L'écrivain britannique Salman Rushdie a affirmé mercredi qu'il ne regrettait pas d'avoir écrit les Versets sataniques, 20 ans après la sortie de ce livre qui lui a valu une fatwa iranienne et de longues années dans la clandestinité.

Lors d'un entretien avec le journaliste australien James Clive, diffusé sur le site du Times, l'auteur d'origine indienne explique qu'il regretterait au contraire de ne pas avoir écrit un livre s'attaquant à des questions religieuses ou philosophiques majeures.

«La question que je me pose tout le temps est la suivante : Sommes-nous maîtres ou victimes? Faisons-nous l'histoire ou est-ce que c'est l'histoire qui nous fait? Est-ce qu'on façonne le monde ou est-ce qu'on est façonné par lui?», s'interroge-t-il.

«La question de savoir si nous avons prise sur nos vies ou si nous sommes simplement des victimes passives des événements est, à mon avis, une grande question, que j'ai toujours essayé de poser», poursuit-il.

«Dans ce sens, je n'aurais pas voulu ne pas être l'écrivain qui l'a posée», notamment dans les Versets sataniques, ajoute l'auteur, dans ce style parfois alambiqué dont il est coutumier.

Ces déclarations sont publiées quelques jours après l'arrestation à Londres de trois hommes soupçonnés d'être impliqués dans un début d'incendie survenu chez l'éditeur londonien d'un livre controversé sur la plus jeune épouse du prophète Mahomet.

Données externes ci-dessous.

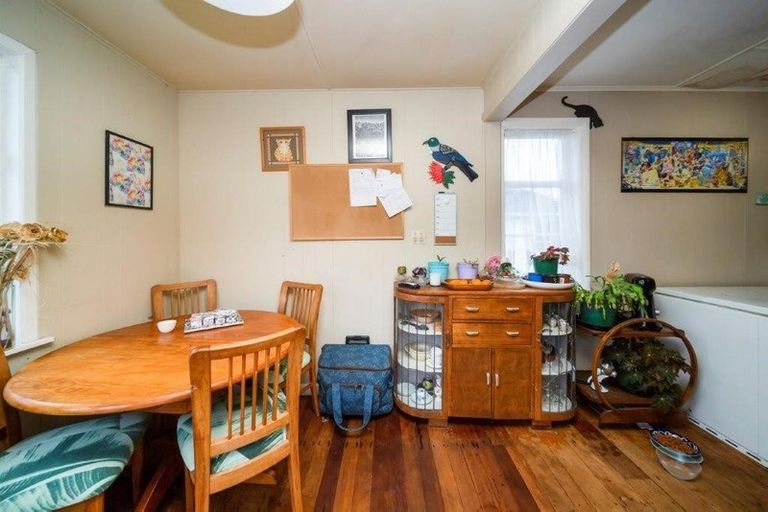 Photo of property in 178 South Road, Hawera, 4610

La publication des Versets sataniques, livre jugé blasphématoire contre l'islam, avait provoqué un tollé dans le monde musulman. L'imam Khomeiny, guide suprême de la révolution islamique iranienne, avait prononcé une fatwa le 14 février 1989, obligeant Salman Rushdie à vivre caché, sous protection policière, pendant près d'une décennie.

Le gouvernement iranien avait indiqué en 1998 qu'il ne tenterait pas de faire appliquer le décret de l'ayatollah Khomeiny, ce qui avait mis fin à la clandestinité dans laquelle vivait l'écrivain. Mais son anoblissement par la reine Elizabeth II en 2007 avait relancé la polémique, faisant dire à un religieux iranien que la fatwa était toujours valable.